### Task details:
Every line from the one with "Vintage 1966 TUTTI" to the end of the listing, and nothing else, is to be printed exactly; please leave the pictures out.

### Dataset extract:
───

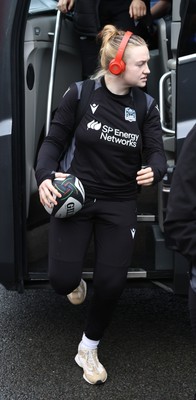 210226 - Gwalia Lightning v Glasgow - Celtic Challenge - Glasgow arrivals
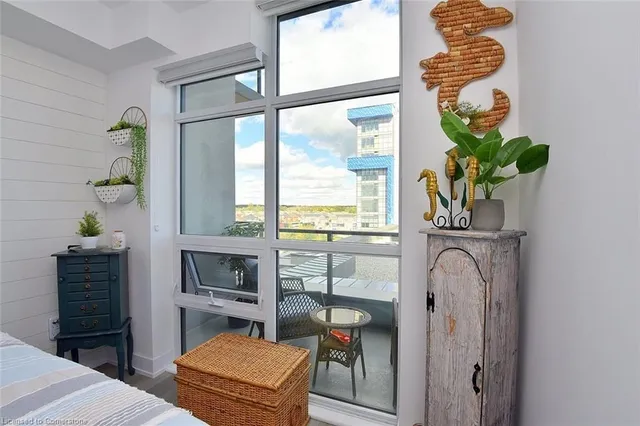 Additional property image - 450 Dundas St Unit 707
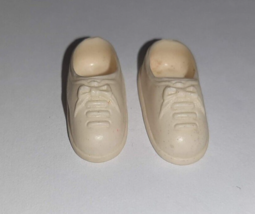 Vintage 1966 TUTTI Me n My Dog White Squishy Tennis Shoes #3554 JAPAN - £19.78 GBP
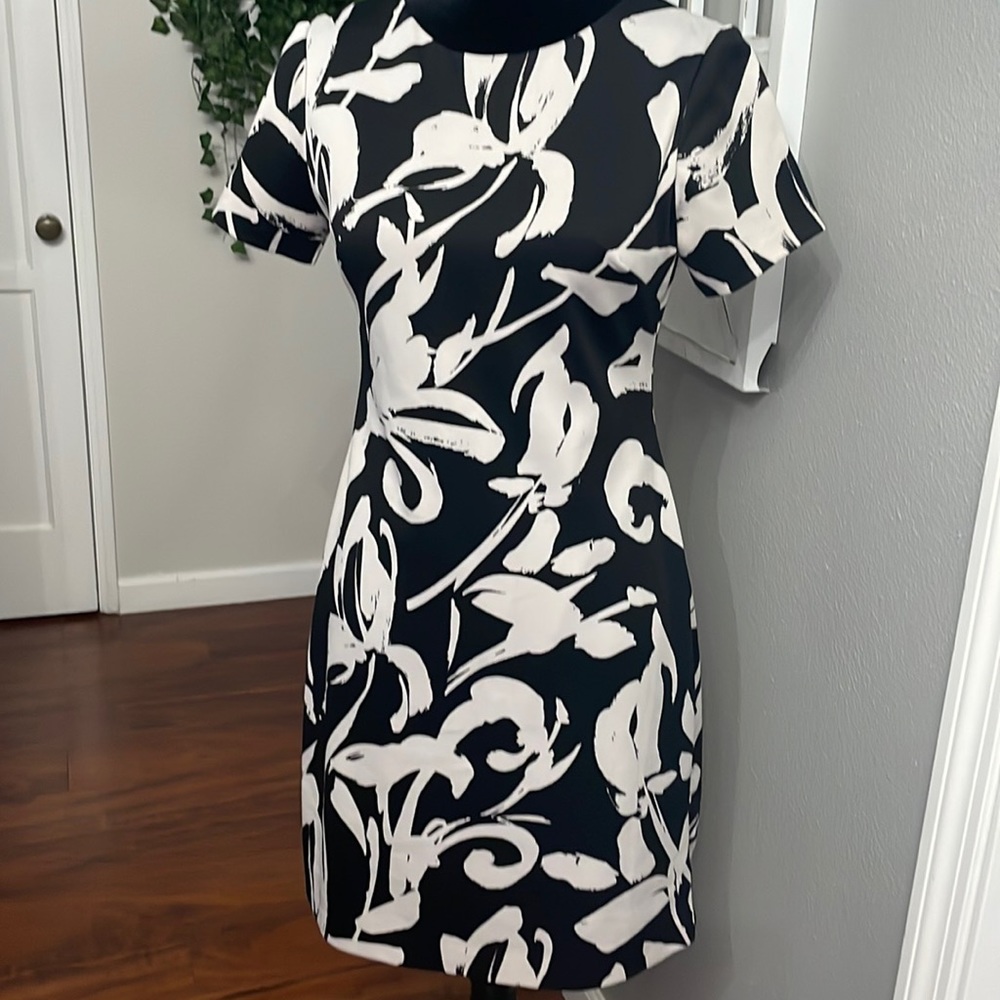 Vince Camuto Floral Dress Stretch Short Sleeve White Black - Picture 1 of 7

───

### Result for this task:
 Vintage 1966 TUTTI Me n My Dog White Squishy Tennis Shoes #3554 JAPAN - £19.78 GBP
 Vince Camuto Floral Dress Stretch Short Sleeve White Black - Picture 1 of 7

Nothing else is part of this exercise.